• WHAT YOU NEED TO DO: Lines in the records below that contain the word "from" must each be copied.

[Dataset entries]
------------------------------------------------

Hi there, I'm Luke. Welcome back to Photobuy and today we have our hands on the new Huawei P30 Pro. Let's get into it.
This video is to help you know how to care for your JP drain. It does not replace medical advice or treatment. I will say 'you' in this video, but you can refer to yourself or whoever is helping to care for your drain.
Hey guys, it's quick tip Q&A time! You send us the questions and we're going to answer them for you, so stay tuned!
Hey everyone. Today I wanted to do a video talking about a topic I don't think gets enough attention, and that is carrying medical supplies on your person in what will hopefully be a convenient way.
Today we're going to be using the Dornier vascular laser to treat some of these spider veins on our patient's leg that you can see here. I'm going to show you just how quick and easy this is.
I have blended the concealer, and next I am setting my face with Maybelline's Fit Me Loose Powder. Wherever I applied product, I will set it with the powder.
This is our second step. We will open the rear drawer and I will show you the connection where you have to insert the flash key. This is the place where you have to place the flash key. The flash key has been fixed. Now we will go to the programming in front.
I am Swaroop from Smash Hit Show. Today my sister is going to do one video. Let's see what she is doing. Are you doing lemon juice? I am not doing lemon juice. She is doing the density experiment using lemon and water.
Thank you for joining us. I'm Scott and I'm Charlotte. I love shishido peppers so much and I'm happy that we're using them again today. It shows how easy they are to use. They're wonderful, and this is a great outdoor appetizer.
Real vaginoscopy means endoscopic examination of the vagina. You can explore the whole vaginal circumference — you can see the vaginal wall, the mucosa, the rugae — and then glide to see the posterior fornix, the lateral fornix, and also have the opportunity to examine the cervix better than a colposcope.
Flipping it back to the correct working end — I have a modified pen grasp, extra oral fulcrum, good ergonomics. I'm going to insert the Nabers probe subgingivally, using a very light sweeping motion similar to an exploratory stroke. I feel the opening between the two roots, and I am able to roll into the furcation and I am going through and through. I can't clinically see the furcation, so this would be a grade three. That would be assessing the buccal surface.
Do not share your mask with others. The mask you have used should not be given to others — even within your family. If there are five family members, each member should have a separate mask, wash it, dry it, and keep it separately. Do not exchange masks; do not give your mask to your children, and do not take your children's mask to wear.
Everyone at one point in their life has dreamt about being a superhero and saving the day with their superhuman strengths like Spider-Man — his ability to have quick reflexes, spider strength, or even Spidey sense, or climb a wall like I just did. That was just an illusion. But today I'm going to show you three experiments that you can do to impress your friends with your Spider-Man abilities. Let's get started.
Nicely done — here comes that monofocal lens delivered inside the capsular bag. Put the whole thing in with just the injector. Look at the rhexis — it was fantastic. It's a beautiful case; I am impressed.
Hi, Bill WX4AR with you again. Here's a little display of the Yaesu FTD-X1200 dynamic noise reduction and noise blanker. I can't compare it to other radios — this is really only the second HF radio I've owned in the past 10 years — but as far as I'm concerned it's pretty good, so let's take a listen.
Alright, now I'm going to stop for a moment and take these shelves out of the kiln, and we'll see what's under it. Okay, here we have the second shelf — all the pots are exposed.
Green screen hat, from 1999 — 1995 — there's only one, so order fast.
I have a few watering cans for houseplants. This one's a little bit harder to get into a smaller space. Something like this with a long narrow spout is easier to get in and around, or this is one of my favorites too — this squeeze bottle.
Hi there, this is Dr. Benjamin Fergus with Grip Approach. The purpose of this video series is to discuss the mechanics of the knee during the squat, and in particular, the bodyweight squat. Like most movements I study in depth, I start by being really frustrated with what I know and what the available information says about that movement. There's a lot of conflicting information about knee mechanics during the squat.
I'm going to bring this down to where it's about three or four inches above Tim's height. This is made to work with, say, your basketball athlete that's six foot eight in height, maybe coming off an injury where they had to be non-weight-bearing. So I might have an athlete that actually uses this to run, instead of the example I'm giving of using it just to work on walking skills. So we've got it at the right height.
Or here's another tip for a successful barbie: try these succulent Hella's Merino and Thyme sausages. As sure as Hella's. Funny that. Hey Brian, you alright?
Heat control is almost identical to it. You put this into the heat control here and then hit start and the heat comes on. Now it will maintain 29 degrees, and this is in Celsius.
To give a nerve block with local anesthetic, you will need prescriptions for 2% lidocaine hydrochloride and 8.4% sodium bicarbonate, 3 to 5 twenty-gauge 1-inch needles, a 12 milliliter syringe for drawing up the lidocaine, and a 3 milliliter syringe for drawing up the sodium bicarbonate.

------------------------------------------------

• PROBLEM SOLUTION:
I am Swaroop from Smash Hit Show. Today my sister is going to do one video. Let's see what she is doing. Are you doing lemon juice? I am not doing lemon juice. She is doing the density experiment using lemon and water.
Green screen hat, from 1999 — 1995 — there's only one, so order fast.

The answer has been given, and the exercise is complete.